PHP, MySQL, and the BIT field type

Gordon P. Hemsley

As Dave Humphrey once taught me:

When you do a search, and it comes back with no results, it’s a sign that you need to write something.

This is an issue that I came across while testing SASHA (which is available for you to try out, by the way), and I didn’t know if it was a bug or a feature. I could find no mention of it anywhere, and the people in the #mysql IRC channel on FreeNode weren’t especially helpful in helping me get to the bottom of it.

What is the issue, you ask? Well, even that in and of itself is a question, because I don’t know whether it’s a bug (or feature) in PHP or MySQL. However, I’m inclined to think it’s the latter, and I’ll get to why in a moment.

But first, some background. The table that SASHA uses to store schedules uses the BIT field type for keeping track of which days of the week a schedule occurs on. I figured it’d be easiest to use a 7-bit field and just flip a bit for each day of the week. And that worked fine for me on my local test server. But then I had a colleague test SASHA out on his test server, and things went a little wacky.

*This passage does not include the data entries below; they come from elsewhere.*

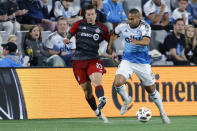 Toronto FC forward Federico Bernardeschi, left, and Charlotte FC defender Bill Tuiloma vie for the ball during the second half of an MLS soccer match in Charlotte, N.C., Saturday, April 13, 2024. (AP Photo/Nell Redmond)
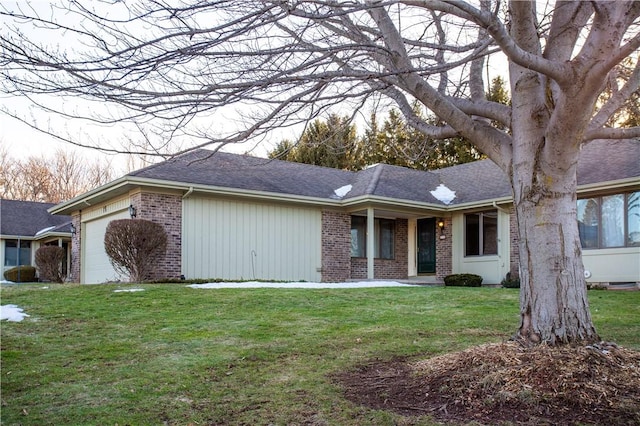 single story home featuring a front yard, brick siding, roof with shingles, and an attached garage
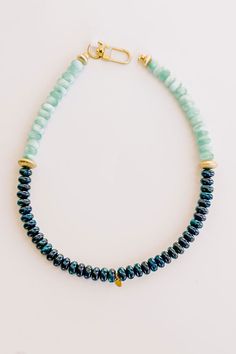 - This cutie is the stylish piece to elevate your look! - Teal apatite, aqua angelite stones - Gold vermeil - Carabiner closure - Color, shape, size will vary as all stones are unique Kids Athleisure, Semi Precious Necklace, Necklace Men, Swimwear Dress, Stone Gold, Elevate Your Look, Skirt Leggings, Accessories Necklace, Men Necklace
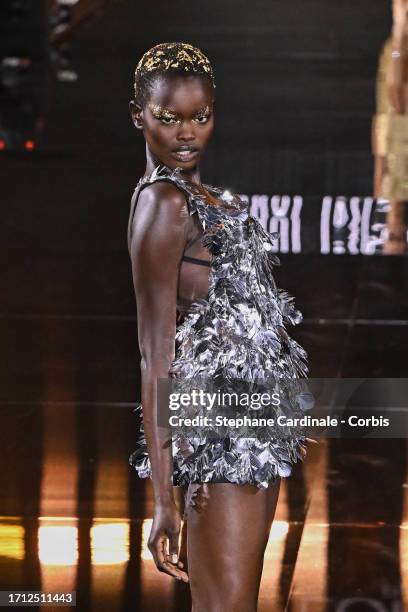 Model walks the runway during "Le Défilé L'Oréal Paris - Walk Your Worth" Show as part of Paris Fashion Week at the Eiffel Tower on October 01, 2023...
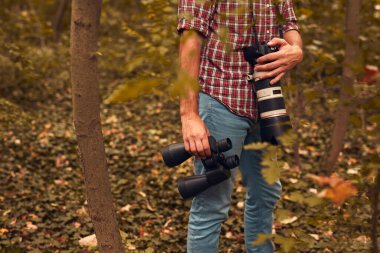 Dürbün ve kamera kullanan bir adam kuşları ve doğadaki diğer gözlemci hayvanları izliyor..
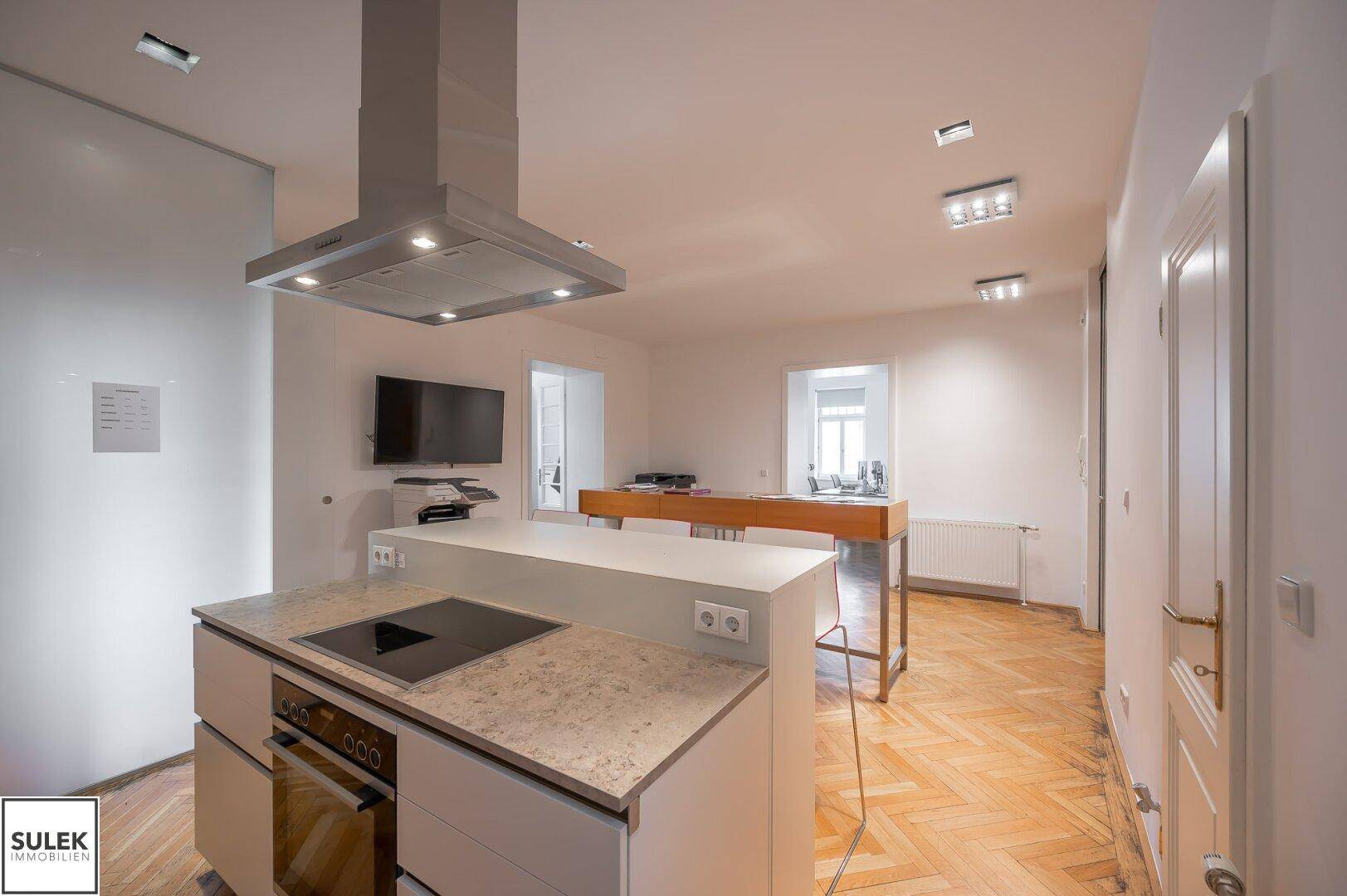 Moderne Küche mit Kochinsel, Induktionskochfeld, Dunstabzugshaube und integriertem Backofen.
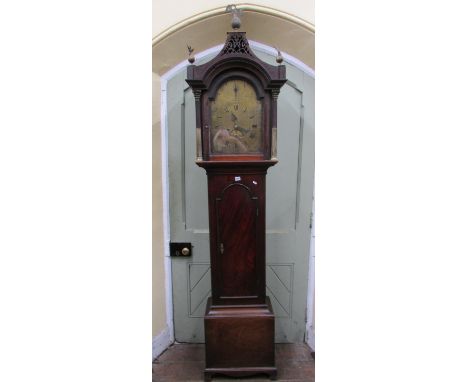 A Georgian mahogany longcase clock the pagoda hood with column supports, pierced fret and eagle finials, the broken arch bras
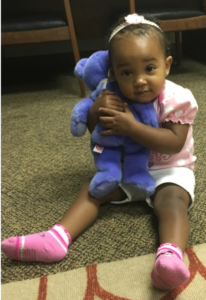 A little girl is sitting on the floor holding a purple teddy bear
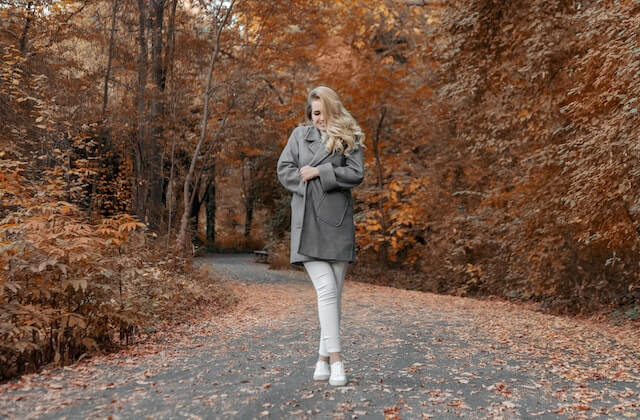stylish blonde woman standing in the middle of a trail with autumn clothes and fall background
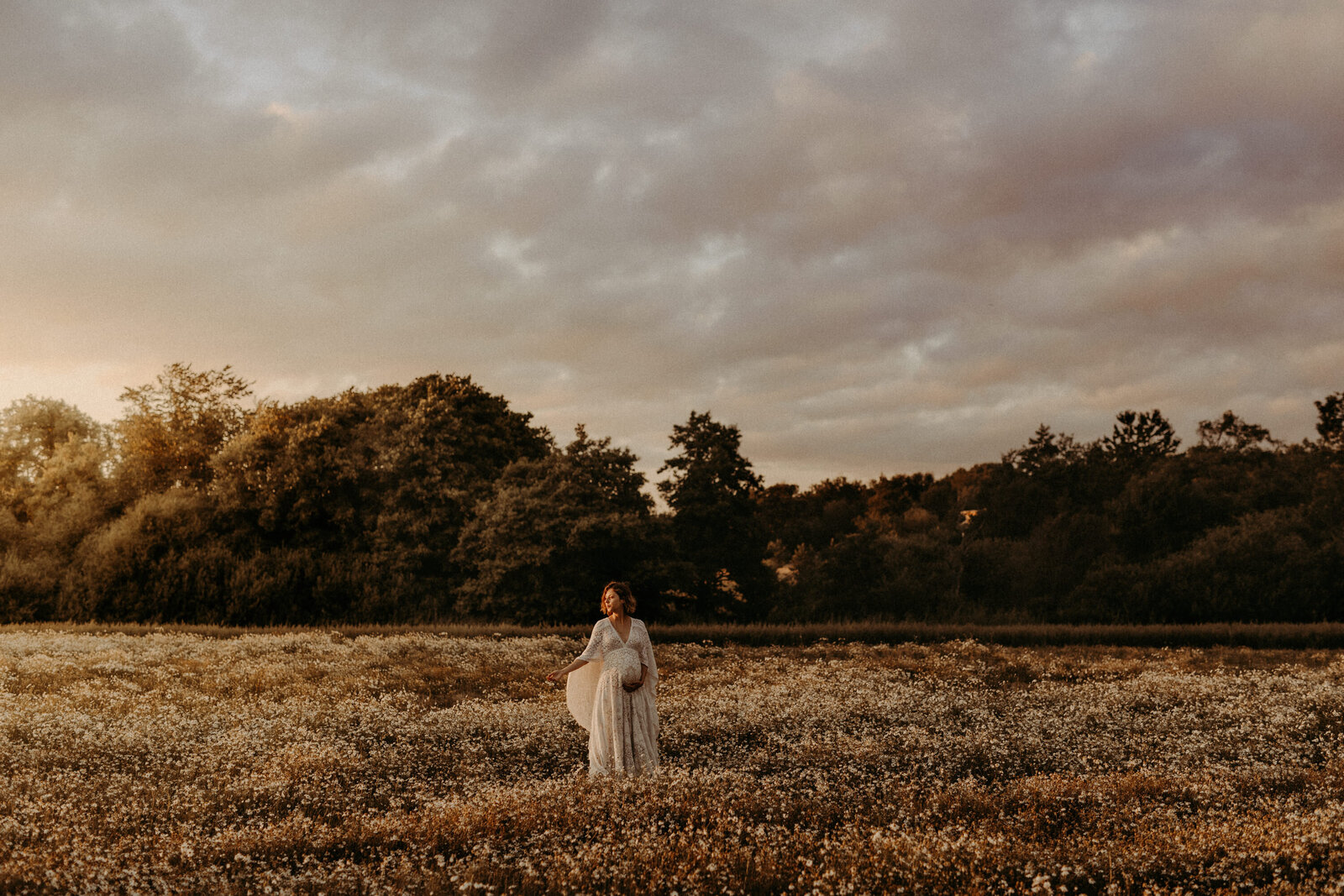 en gravidfotografering på ett blomfält där mamman är iklädd en bohemisk gravidklänning
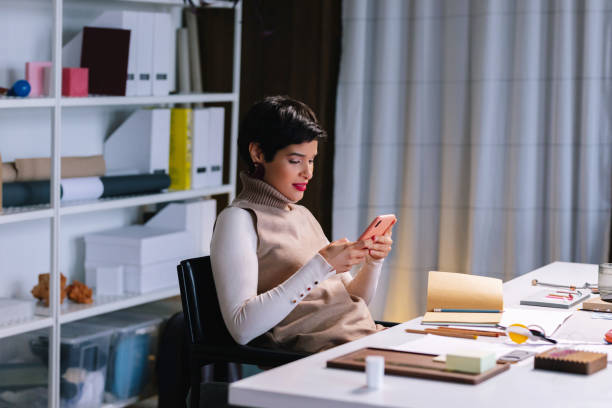 istock Latin Woman Texting On Her Smartphone 1417441801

It took a little while to figure out what was causing our problem, and we finally got to the bottom of it: I was using MySQL 5.0 and he was using MySQL 5.1! Apparently, between 5.0 and 5.1, the return format of a BIT field changed from the literal binary data (output in the browser as a character, because the browser didn’t know it wasn’t) to a decimal representation of that data.

The first problem with that was that I had no idea there was a possibility of getting anything but the raw binary data I was getting on my server. The second problem was coming up with a straight-forward solution to detecting whether the database was feeding us raw binary data or converted decimal data. There was no direct way to do this, but I figured out the next best thing. A simple way to check what kind of data we’re getting is to find out whether it converts cleanly to an actual character. Here’s an excerpt from SASHA that demonstrates:

// MySQL 5.0 returns bit as binary, while MySQL 5.1 returns decimal
if( $days == chr( ord( $days ) ) )
{
	$input = 'binary';
}
else
{
	$input = 'decimal';
}

That seems to do the trick when it comes to handling unpredictable BIT field data.

(Again, I can’t guarantee that this isn’t actually a PHP issue, but I seem to recall us both being around the same version of PHP.)